The whole listing needs retyping exactly; keep the pictures out of it.

────────

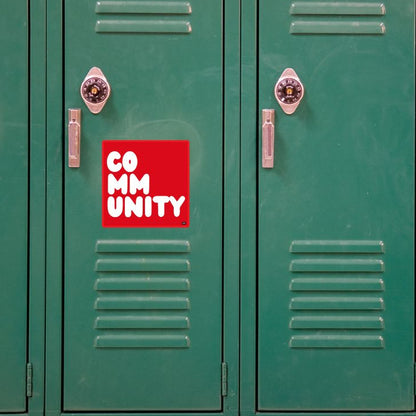 A Community in Balloon Red Vinyl Sticker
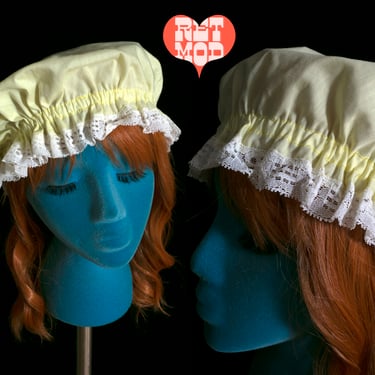 Cute Vintage 70s 80s Pastel Yellow Bonnet Style Hat 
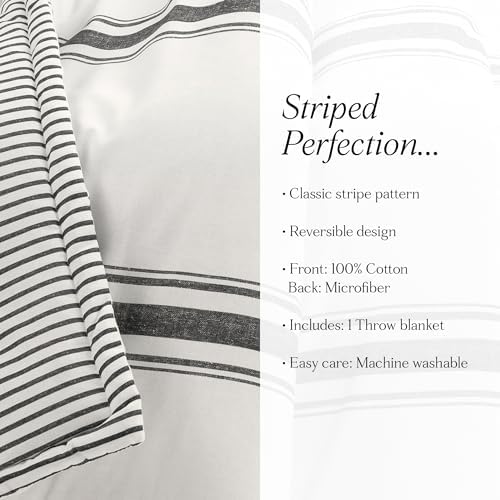 Lush Decor Farmhouse Stripe Reversible Throw, Single, 50" W x 60" L...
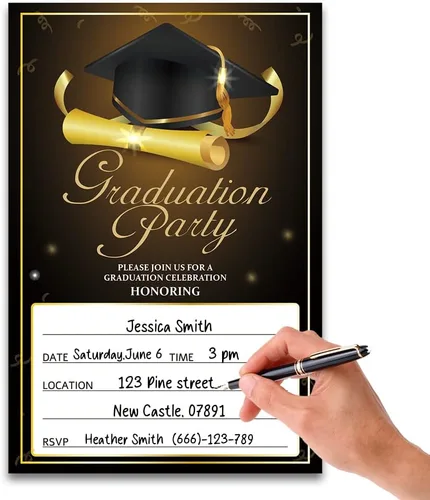 Vista 4 de FujLoy 20 tarjetas con sobres, invitaciones para fiestas de graduación 2025, 2025 universidad, escuela secundaria, celebración de graduación 005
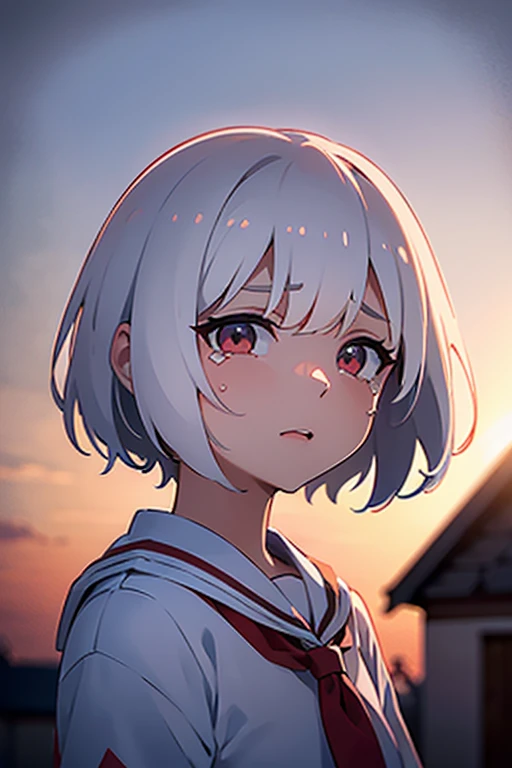 (crying)(white short hair)(red eye)(Sit on the roof)(dusk)(face to the sky)(whole body)(Profile)(Sunset) 4k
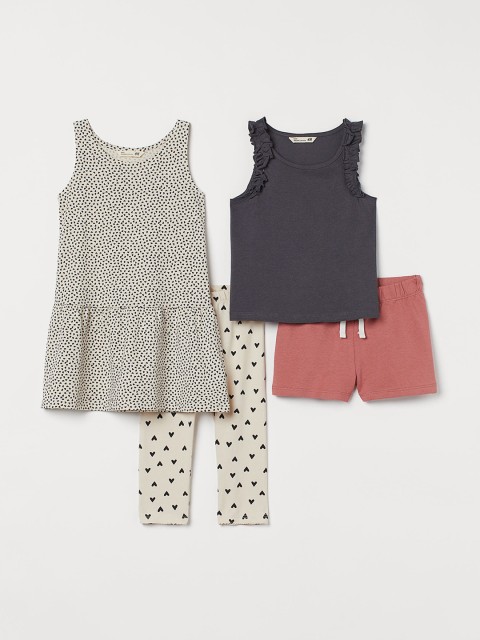 

H&M Girls 4-Piece Cotton Set, Grey
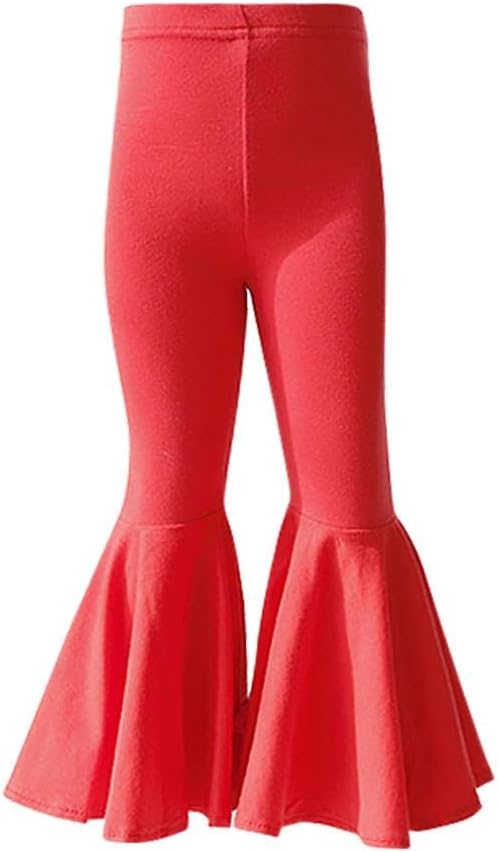 IWEMEK Toddler Baby Girls Ruffle Leggings Bell Bottom Flare Pants Cotton Long High Waist Solid Stretch Yoga Trousers Outfits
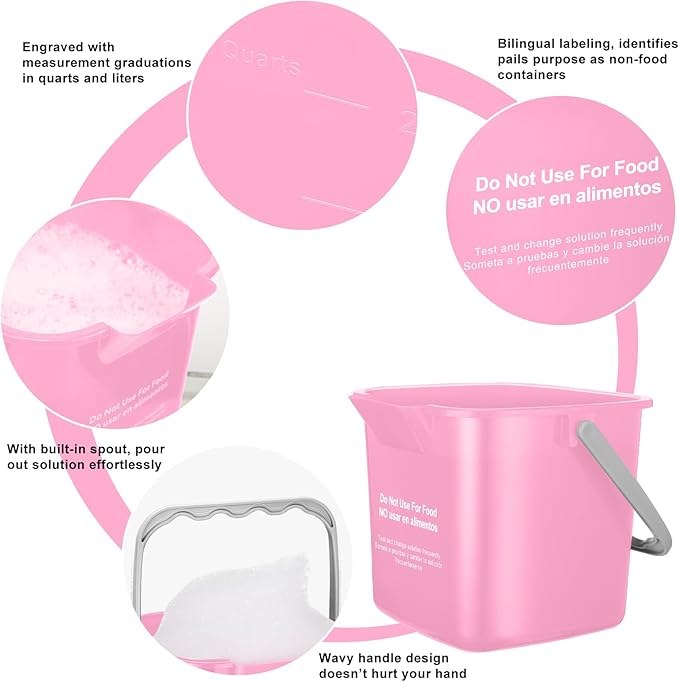 Lallisa 12 Pcs 3 Quart Cleaning Bucket Small Sanitizing Square Bucket Detergent Pail for Home Office Commercial Restaurant Kitchen Bathroom School (Pink)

────────

> **Response to this exercise**
 A Community in Balloon Red Vinyl Sticker
 Cute Vintage 70s 80s Pastel Yellow Bonnet Style Hat 
 Lush Decor Farmhouse Stripe Reversible Throw, Single, 50" W x 60" L...
 Vista 4 de FujLoy 20 tarjetas con sobres, invitaciones para fiestas de graduación 2025, 2025 universidad, escuela secundaria, celebración de graduación 005
 (crying)(white short hair)(red eye)(Sit on the roof)(dusk)(face to the sky)(whole body)(Profile)(Sunset) 4k

H&M Girls 4-Piece Cotton Set, Grey
 IWEMEK Toddler Baby Girls Ruffle Leggings Bell Bottom Flare Pants Cotton Long High Waist Solid Stretch Yoga Trousers Outfits
 Lallisa 12 Pcs 3 Quart Cleaning Bucket Small Sanitizing Square Bucket Detergent Pail for Home Office Commercial Restaurant Kitchen Bathroom School (Pink)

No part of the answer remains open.